Scatenare la corsa ai minerali preziosi sul fondo dell’oceano danneggerà la vita marina per decenni. A distanza di 44 anni, il sito dove furono svolti dei test di deep sea mining nel 1979 ha dei livelli di biodiversità più bassi rispetto alle aree circostanti. E deregolamentare le miniere sui fondali marini – come si sta cercando di fare in questi mesi, nei negoziati internazionali gestiti dall’International Seabed Authority (ISA) – rischia di far crescere questo impatto in modo esponenziale.
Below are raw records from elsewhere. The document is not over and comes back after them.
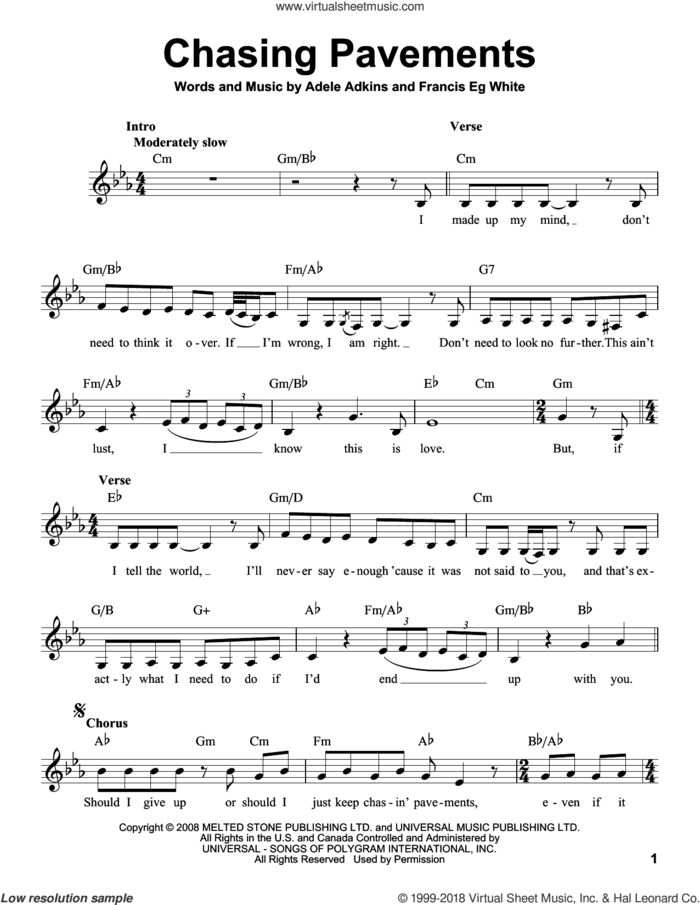 Chasing Pavements sheet music for voice solo by Adele, Adele Adkins and Francis White, intermediate skill level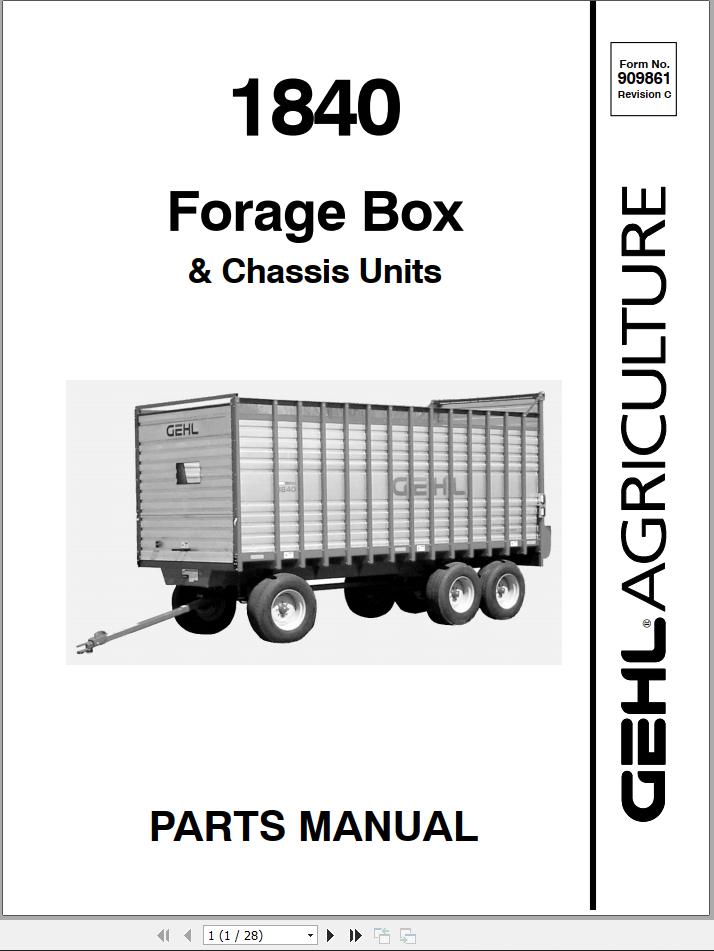 GEHL Forage Box 1840 Parts Manual 909861C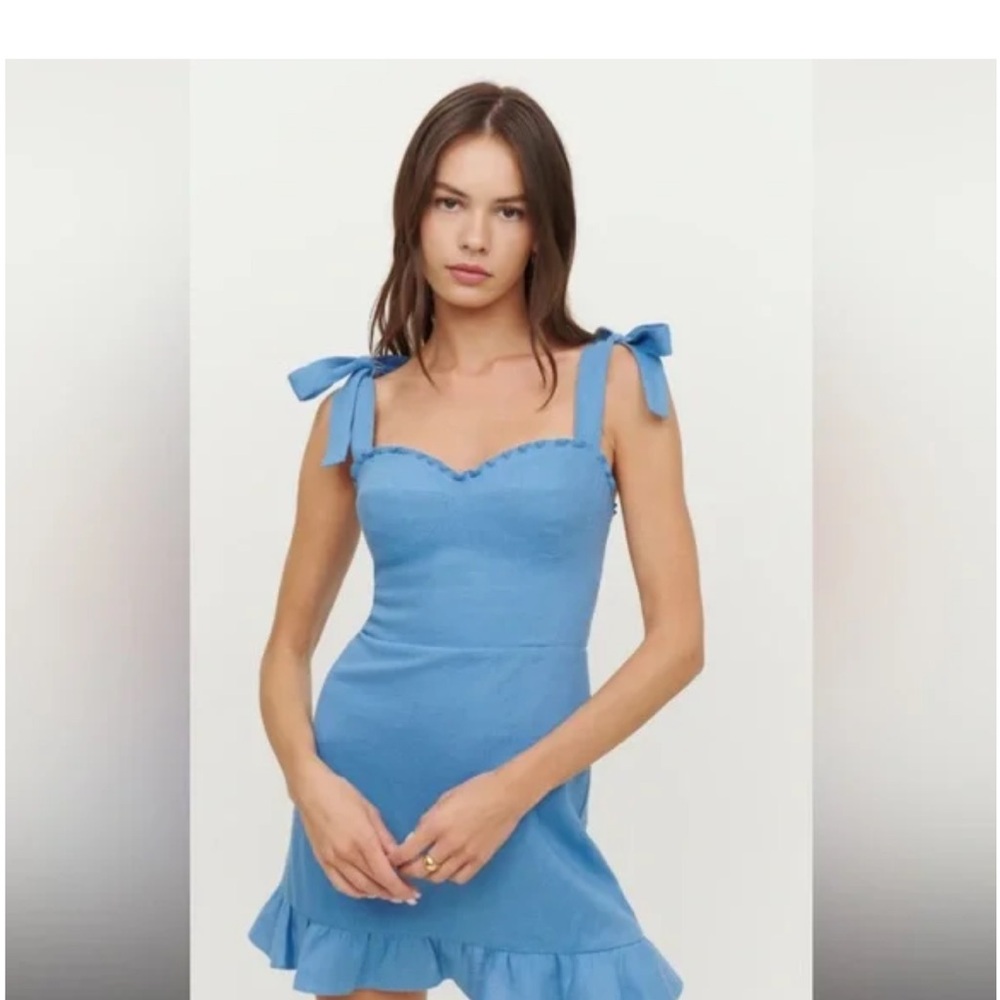 Blue Sleeveless Dress with Bow Straps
Miniere sui fondali marini, l’impatto ambientale dura decenni
Ad affermarlo è uno studio condotto da una serie di enti di ricerca britannici, tra cui il National Oceanography Centre di Southampton e il Natural History Museum di Londra. La ricerca – appena pubblicata su Nature – si è concentrata proprio sul principale giacimento di minerali preziosi sui fondali oceanici conosciuto. Si tratta della Clarion-Clipperton Zone (CCZ), un’area vasta oltre 6 milioni di km2 tra Messico e Hawaii.
È qui che alcune aziende pioniere – supportate da qualche stato insulare del Pacifico – vogliono aprire le prime miniere sui fondali marini, a 5.000 metri di profondità. E mettere le mani su giacimenti di rame, litio, ferro, zinco, manganese, colbalto e tanto altro. Risorse preziose per la transizione energetica. Tutto questo nonostante, fino a oggi, la ricerca scientifica non abbia ancora studiato a fondo quali sono gli impatti possibili dell’attività estrattiva su ecosistemi così delicati.
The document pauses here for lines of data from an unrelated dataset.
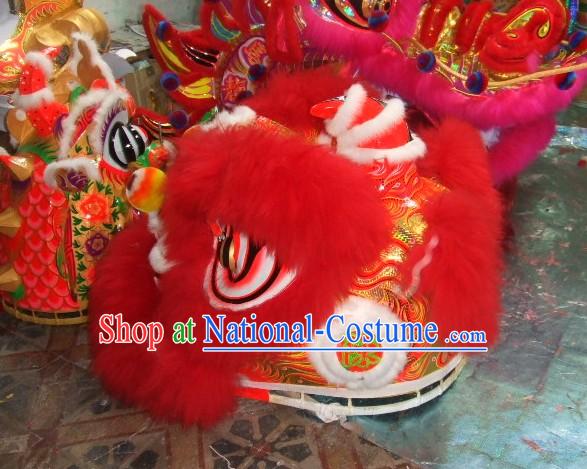 Top Red 2008 Beijing Olympic Chinese Classical 100_ Natural Long Wool Lion Dance Costumes Complete Set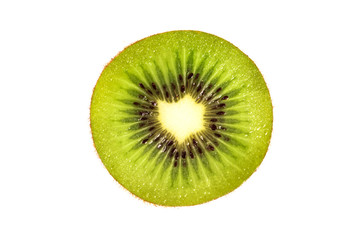 Slice kiwi fruit isolated on white background.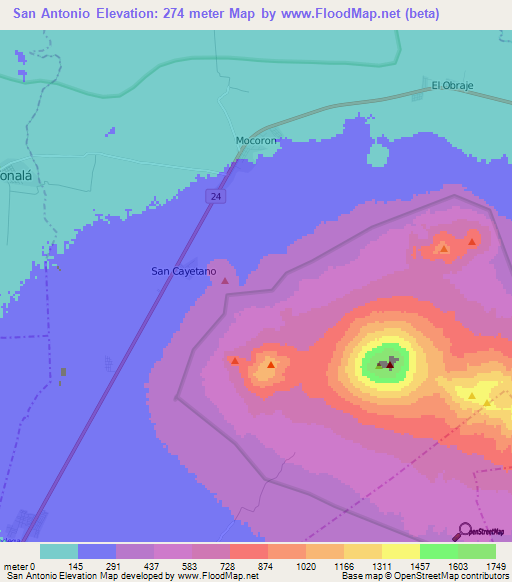 San Antonio,Nicaragua Elevation Map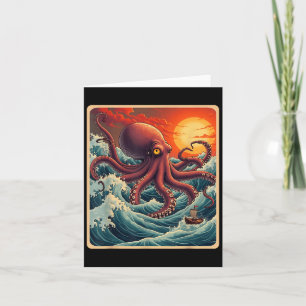 The Great Wave Off Kanagawa Octopus Retro Anime Ja Card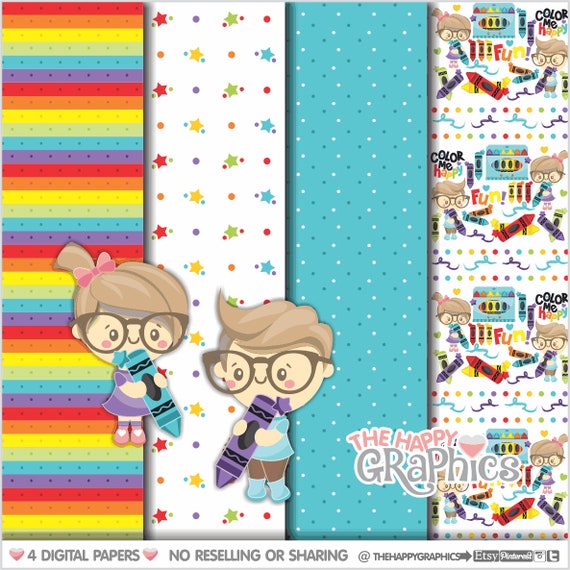 Crayon Pattern, Crayon Paper, COMMERCIAL USE, Back to School Pattern, Back to School Paper, Student Pattern, School Supplies, Cute, School Il_570xn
Lo studio è andato a indagare tra 2023 e 2024 lo stato di salute di una porzione di crosta oceanica nella CCZ dove, nel 1979, erano stati condotti alcuni dei primi test più che sperimentali. L’impatto? Ben visibile ancora oggi.
I minerali a cui punta il deep sea mining si presentano perlopiù sotto forma di noduli polimetallici, una sorta di “campo di patate” adagiate sul fondo dell’oceano. Oltre alle risorse minerarie, però, i noduli, che si formano in migliaia di anni, ospitano comunità di organismi specializzati.
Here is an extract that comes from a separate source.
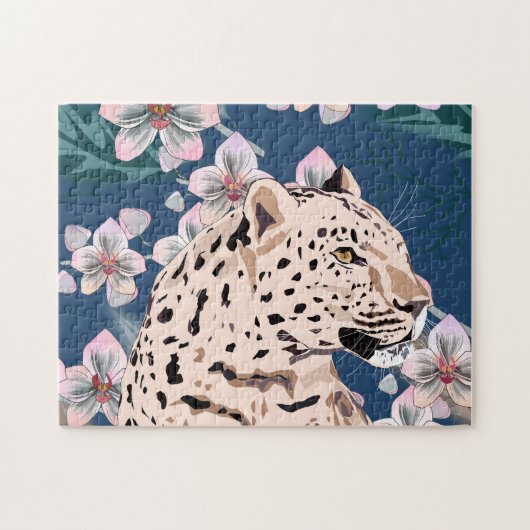 Leopard und rosa Orchid. Puzzle (Horizontal)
Il test di mining del 1979 fu realizzato con un macchinario di 14 metri dotato di un rastrello rotante e ha lasciato tracce visibili ancora oggi. Un’area di 8 metri di larghezza, senza noduli, e con solchi profondi nel fondale. Gli autori dello studio hanno constatato che le popolazioni animali all’interno delle tracce sono ancora ridotte rispetto alle aree circostanti. Anche se si notano i primi segni di recupero.
L’estrazione di noduli, conclude lo studio, causerebbe con ogni probabilità “impatti immediati” sulla superficie del fondale marino e sull’habitat, lungo il percorso dei veicoli di raccolta. Principalmente disturbi meccanici, tra cui la rimozione di parte della superficie dura che ospita le specie che vivono sotto il fondale marino, e la compattazione dei sedimenti.
Ma l’impatto si espanderebbe subito ad altre zone limitrofe perché il deep sea mining, “arando” i noduli, crea dei pennacchi di sedimenti che potrebbero avere “impatti significativi sugli ecosistemi” vicini.